Critics are right fans wrong1/10
First came the original trilogy, a popular success and critically acclaimed. Then, some years later, a second trilogy began, a prequel to the original, and the first installment of this second trilogy turned out to be awful. We saw this pattern play out once, with "Star Wars," and now, alas, it begins again, with "The Hobbit," a movie that is exactly one Jar Jar Binks away from being as bad as "The Phantom Menace." The problem may be built into the design. The previous "Lord of the Rings" films were each based on a single book. "The Hobbit" - more like a children's novel than the other three, a kind of "Tom Sawyer" to their "Huckleberry Finn" - is just one book, smaller than any of the other J.R.R. Tolkien books, and yet it is being blown out into three enormous films. This first installment runs 169 minutes.
This puts a lot of pressure on a simple story, especially when you consider that director Peter Jackson and his screenwriters really can't take liberties with the tale, not without incurring the wrath of millions. They must work with what they have, and what they have is quite enough for one pleasing and inventive two-hour movie - or a nine-hour disaster stretched over three years.
This pressure, this obligation to stretch everything to the limits of endurance and beyond, is felt from the film's early minutes. Howard Shore's beautiful theme music, from the previous trilogy, filters in. We see the idyllic Middle-earth countryside and are introduced to Martin Freeman as Bilbo Baggins - Freeman was born to be a hobbit; he is ideal casting - and we settle in for a magical experience. And then, slowly, a fatal distance opens up between what we're hoping and what we're actually seeing.

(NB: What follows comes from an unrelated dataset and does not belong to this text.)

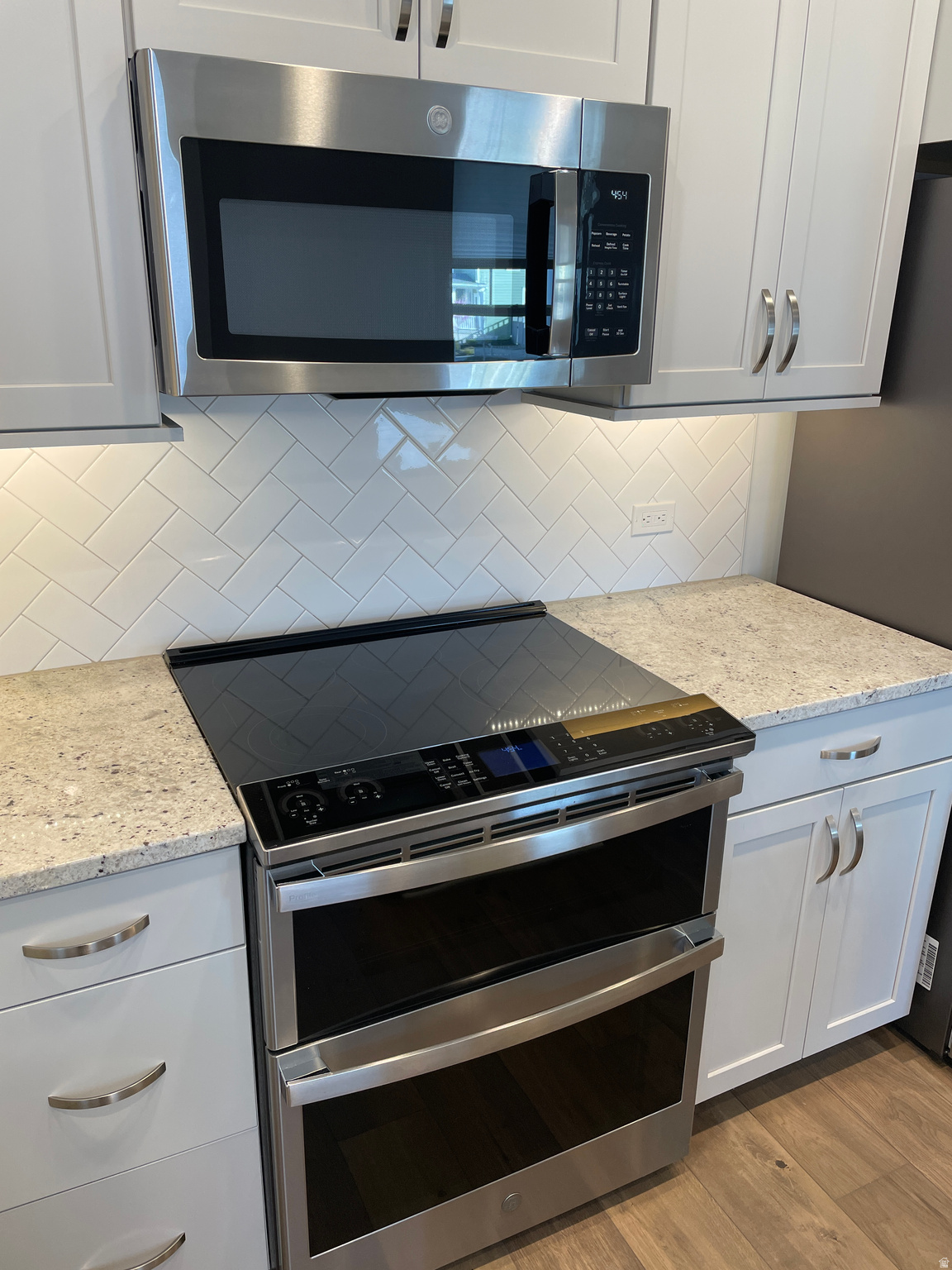 DAYBREAK - Residential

Bilbo is a happy hobbit, a homebody who enjoys his creature comforts and doesn't have a violent impulse about him. Yet he is recruited by Gandalf the Grey Wizard (Ian McKellen) to join an expedition by dwarfs to retake their homeland from a dragon. See how quickly it takes to say that? Bilbo is recruited. Period. Yet the movie takes this tiny bit of crucial plot movement and dilutes its effectiveness: The dwarfs show up for an impromptu party at Bilbo's house. Bilbo frets about what the dwarfs will do to his house. Then the dwarfs clean up. Then Bilbo says he won't join their fight. But then he does. The film milks every detail of the text, every hint of vacillation in the main character, to turn water flowing downstream into molasses walking uphill.
It must be said that if you plan to enjoy "The Hobbit," it really helps to love dwarfs. Others may prefer hobbits - they're adorably idiosyncratic, small, chubby, eat all day, have big ears, and they're incredibly sincere. Still others may prefer the Olympian elves - beautiful, pristine, sure and eternal. But there is only one hobbit in the entire movie, and only one brief sequence involving elves. Otherwise you're stuck with the dwarfs, who are like Vikings - boorish, slovenly, hearty and heavy-drinking - and not exactly lovable.
The three "Lord of the Rings" were heavy on battle scenes, but "The Hobbit" is almost nothing but battles. Without a stopwatch, it would be hard to know for sure, but probably 50 percent of screen time is taken up with fighting - perhaps up to 80 percent if you count planning for and recovering from battles. Some of these battles have pockets of interest: A conflict with goblins plays out like a trapeze act, in three dimensions, with the combatants falling through space, landing and regrouping. But most of "The Hobbit" is like looking over Peter Jackson's shoulder to watch a computer screen.
Occasionally, when the smoke clears, we get a glimpse of what "The Hobbit" might have been, had Freeman's quirkiness and humanity been given a chance to set the tone. The movie really springs to life only when Freeman dominates, as when Bilbo falls into a cave and discovers Gollum, looking like James Carville but acting like Peter Lorre. It's an encounter worthy of the "Lord of the Rings" trilogy - so is the all-too-brief scene between Gandalf and Galadriel (Cate Blanchett).
If you loved the earlier films, these are moments you will hold on to, but they're very few, and they're not enough.